Alexandre Le Bechec, 33 ans, est maraîcher à Trédarzec (Côtes-d'Armor). Associé avec son père et son frère, avec 10 salariés, il cultive en plein champ et sous serres sur 90 hectares des légumes bio, vendus dans leur boutique, à des grossistes et en circuit court.
La tempête Ciaran, qui a balayé la Bretagne dans la nuit du 1er au 2 novembre, en particulier le Finistère et les Côtes-d'Armor avec des pointes à plus de 150 km/h, a laissé des traces. Les vents ont plié sept serres tunnel et abîmé les plastiques des quatre autres, qui ont pu toutefois être rebâchées rapidement. En démontant pièce par pièce les serres les plus endommagées et avec l'aide de retraités bénévoles, ils en ont remonté deux autres.
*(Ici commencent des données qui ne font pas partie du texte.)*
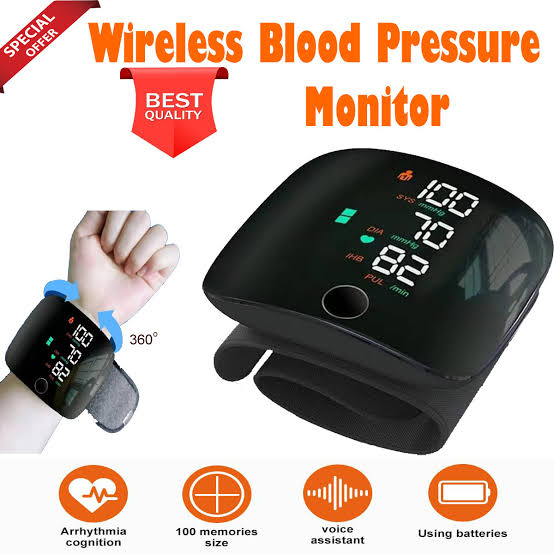 Wireless Blood Pressure Monitor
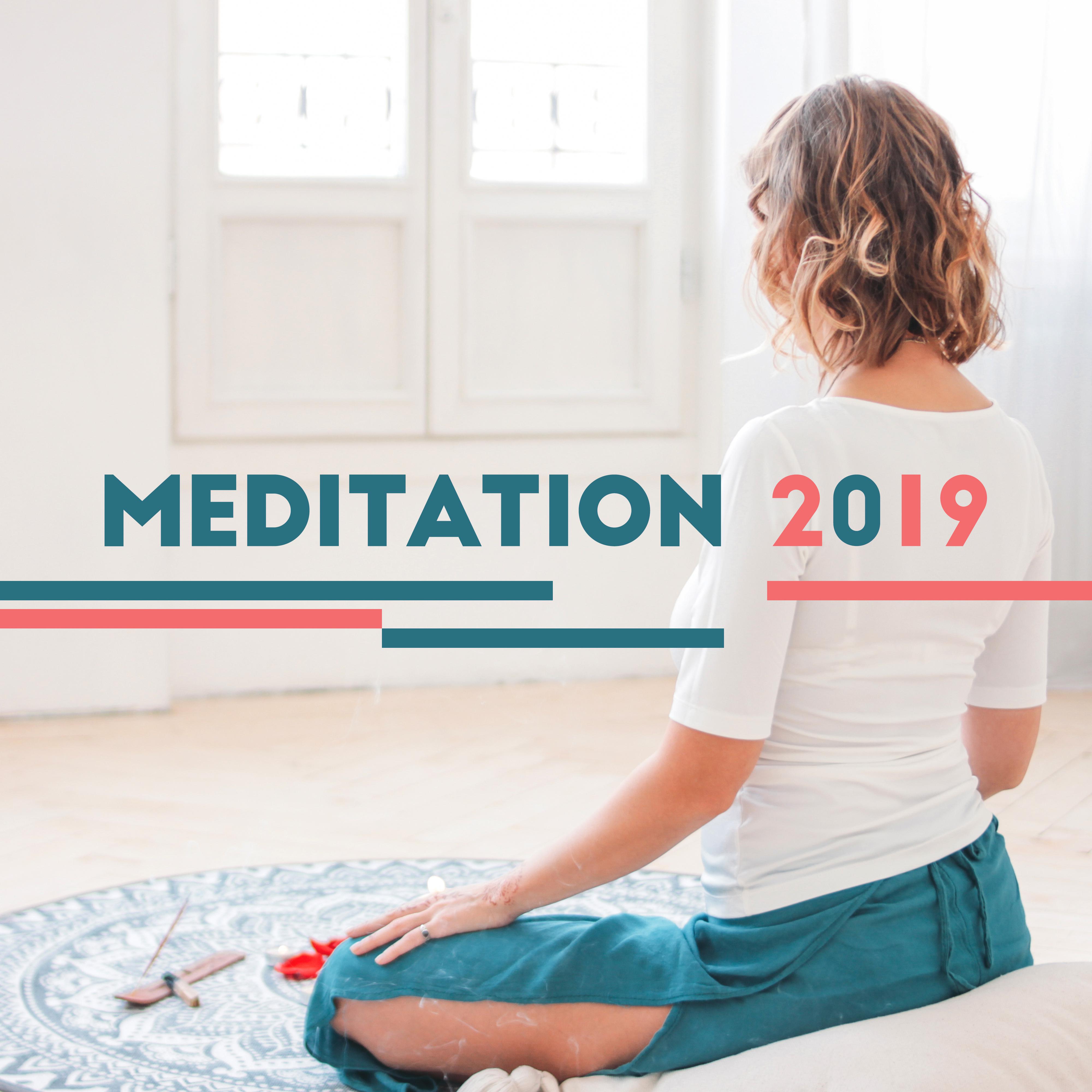 Meditation 2019: Yoga Training, Deep Harmony, Relaxing Music Therapy, Spiritual Awakening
"Il y en a pour plus de 150.000 euros" de dégâts, chiffre-t-il. Passé le choc, "abasourdi, le mot n'est pas assez fort", Alexandre Le Bechec a dû réfléchir rapidement à reconstruire. Se doter de nouvelles serres était indispensable pour lancer à temps les cultures d'été et limiter les pertes de production, explique-t-il.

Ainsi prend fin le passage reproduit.